A favorite work that I always make a point of visiting is also one of the museum’s most famous pieces; the Jade Mountain Illustrating the Gathering of Scholars at the Lanting Pavilion (1784) is the largest jade carving outside of China and depicts a gathering of Chinese calligraphers that took place in 353. I see new details every time I look! Note the tiny teacups floating down the river.

Karin Jacobson Jewelry Design Inspiration Trip to the MIA 4
 It's hard to capture the scale in a photo, but the Jade Mountain weighs 640 pounds!

I usually spend the first hour or so just wandering and drinking in the beauty, but when I’m ready to get down to work, I like to pick a piece or two that really captures my imagination and sparks some ideas. I’ll hang out with it for a while and sketch and take notes. (On a good day, there will be a bench in front of my artwork of choice – and on this recent visit, I was in luck!)

Karin Jacobson Jewelry Design Inspiration Trip to the MIA 6
 The minute I saw this piece, I knew I wanted to spend some time with it.  It wasn't long before I was sketching ideas for a new pair of earrings!

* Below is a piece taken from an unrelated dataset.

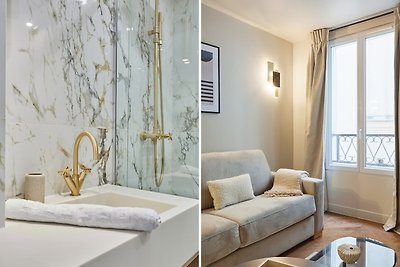 Apartamento nuevo en el centro de París/Le...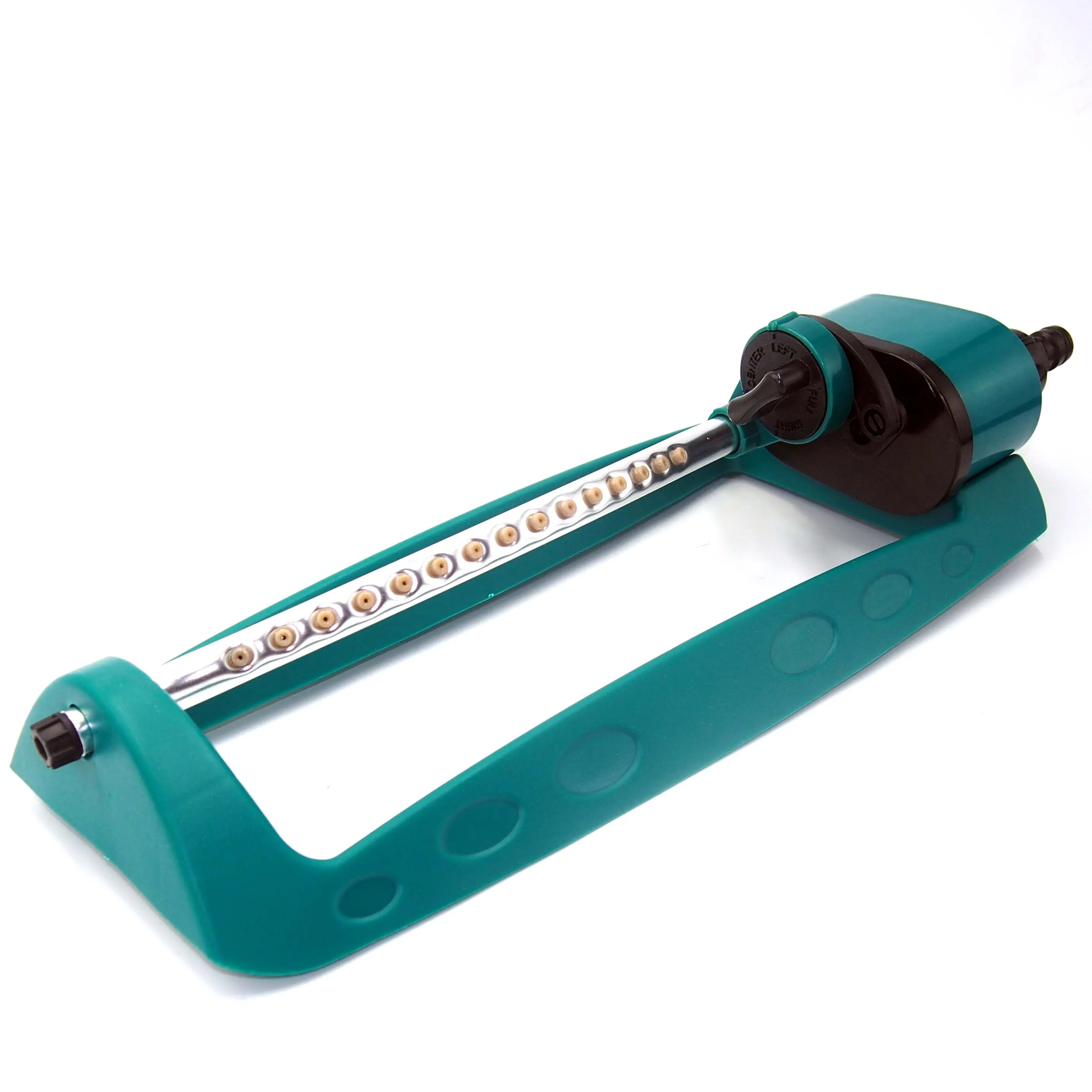 15 holes plastic jet garden oscillate sprinkler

This two-panel folding screen called “Lying Dragon Plum Tree” is relatively contemporary – it was completed in 1983 by Funada Gyokuju. But to create the “richness and density of thousands of plum blossoms” the artist applied many layers of paint to the paper over the course of multiple years. I was struck by the colors and softness of the style that the artist used to capture the blossoms. My absolute favorite time of year is when the apple, cherry, and plum trees are blossoming. After a long winter in Minnesota, the greens are at their brightest and the fruit trees are full of color! This screen made me so happy, I had to hang out with it for quite a while.

I sat and sketched and it inspired these earrings!

Karin Jacobson Jewelry Design Plum Blossom Earrings with Opals and Sapphires
These earrings came out pretty much as I'd envisioned back in the museum - they feature Australian opal doublets set in 22k gold and a dozen little pink sapphires set in 18K gold, accented with oxidized sterling silver.  I'm loving the scale of them - definitely statement earrings!

As I’ve mentioned before, I’m always careful about seeking inspiration from other jewelers; I never want to inadvertently riff of someone else’s idea as I create my own designs. But I feel comfortable and happy letting my imagination play over paintings, sculptures, and other works of visual art. Seeing the creativity and prowess of master artists nearly always inspires me to tease out a few new ideas!